In the end, the NKCA folded.  The exact date seems hard to determine.

There are still more than enough hard feelings to go around.  In 2010 an NKCA life member posted on Blade Forum:

“The NKCA became a slick scam by a series of office managers and presidents and sgt. at arms and various other 'officials' who helped to bankrupt what was a 3,500-member organization with a brick-and-mortar, state-of-the-art museum that I am grateful to have visited once.  Jim Parker, bless his soul, bought the land for 50 thousand and built the museum.  The thieves and scoundrels; yes, you heard right, going back to the thief who never delivered the pearl-handled 'club' knife forced the closure of the museum and the sale of the museum property for 1 million, all of which went to pay the NKCA's debts.  They should all have been 'hung'; both men and women!"

So, club knives?  Are they a scam?  A gimmick to make money and attract members?

Maybe, but I suggest you buy based on what you like and not a financial investment.  The 1986 NKCA knife was sold for $39.00 or $106 in 2023 dollars.  I found my knife for around $50, but I see others trying to sell at $125 and they collect dust. 

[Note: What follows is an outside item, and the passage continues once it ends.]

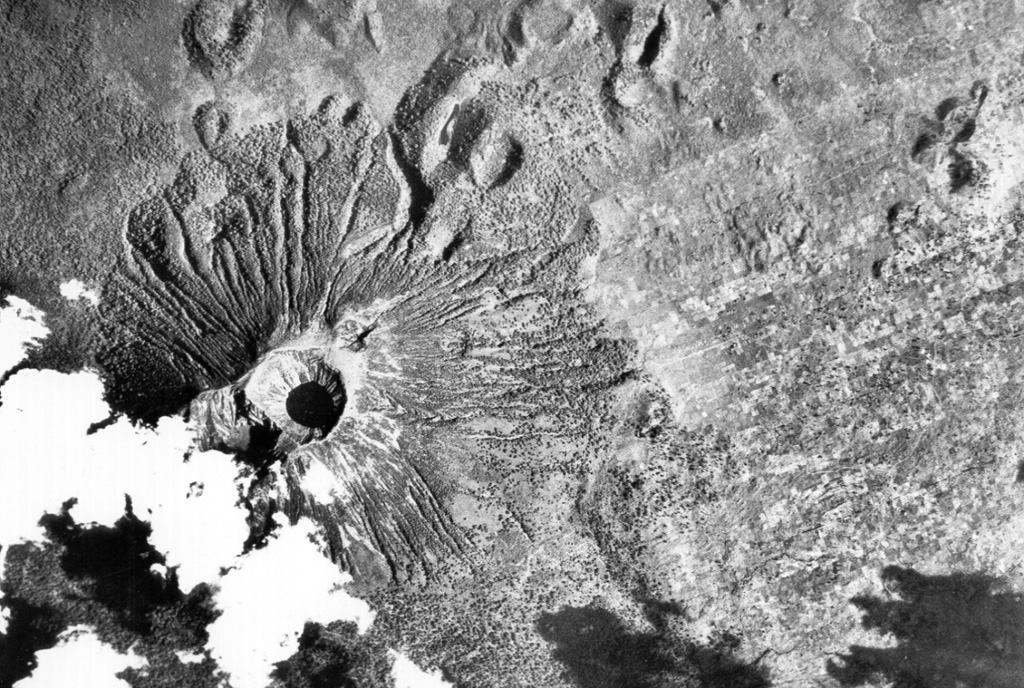 Visoke volcano is the NE-most of a cluster of large stratovolcanoes at the southern end of the Virunga Range. The volcano contains a 450-m-wide lake in its summit crater (left center). Lobate lava flows descend the flanks of the volcano. A NE-SW-trending fissure zone has produced many scoria cones NE of the volcano (top). An eruption in 1957 formed two small cones on the north flank, 11 km from the summit. Aerial photograph courtesy of Henry Luc Hody (Belgian ambassador).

Will the WRCA club knife increase in value or just get lost of the ubiquitousness of club knives?

Tuesday, January 24, 2023

TOPS Lite Trekker

 One of my favorite fixed blades is the TOPS Lite Trekker.  It is a little lightweight knife that performs in a heavier weight class.  I picked mine up at the 2015 Blade Show.  Seems a company was offering free laser engraving with your purchase.  Somehow, the wrong name was lasered into the steel and I found it marked down on the last day of the show.

Why would I want a knife with someone else’s name on it, especially a misspelled name with lots of tricky letters and vowels?

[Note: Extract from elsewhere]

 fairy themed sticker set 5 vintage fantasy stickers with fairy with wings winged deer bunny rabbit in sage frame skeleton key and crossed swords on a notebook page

Simple, I had the retailer laser out the name, leaving me with just the show date.  Later, I wrote an article about it for Knife Magazine.  Yes, Mr. Pasknyuskas III’s knife worked out well for me.

The knife locks into a deep kydex sheath with a positive click.  It’s not about to bounce out and be lost in the weeds because you took a fall.  The overall length is 8.75 inches long.  The blade measures out  to 4.25 inches long.  The Lite Trekker weighs in at 5.1 ounces.

TOPS describes the blade as a Hunters Point.  I see it as a basic drop point.  The steel is 1095 carbon, so a little oil and blade dressing is needed to keep the edge in great shape.  The steel is hardened to a RC 56-58.

I hear you.  I know a bunch of you whiny little mall commandos are telling me you only carry the newest super steel hardened to at least RC 60.  I’m not going to attempt to convert you, but remember, hardness and brittleness are related and a bent knife is still a knife but a broken blade is just junk!

I’m going to swap out the olive green paracord for something a little brighter to make it easier to find when I place it on the ground.

The Lite Trekker comes with a variety of color inserts built into the handle.  I like mine a lot and you can find it at  with a MSRP of $195.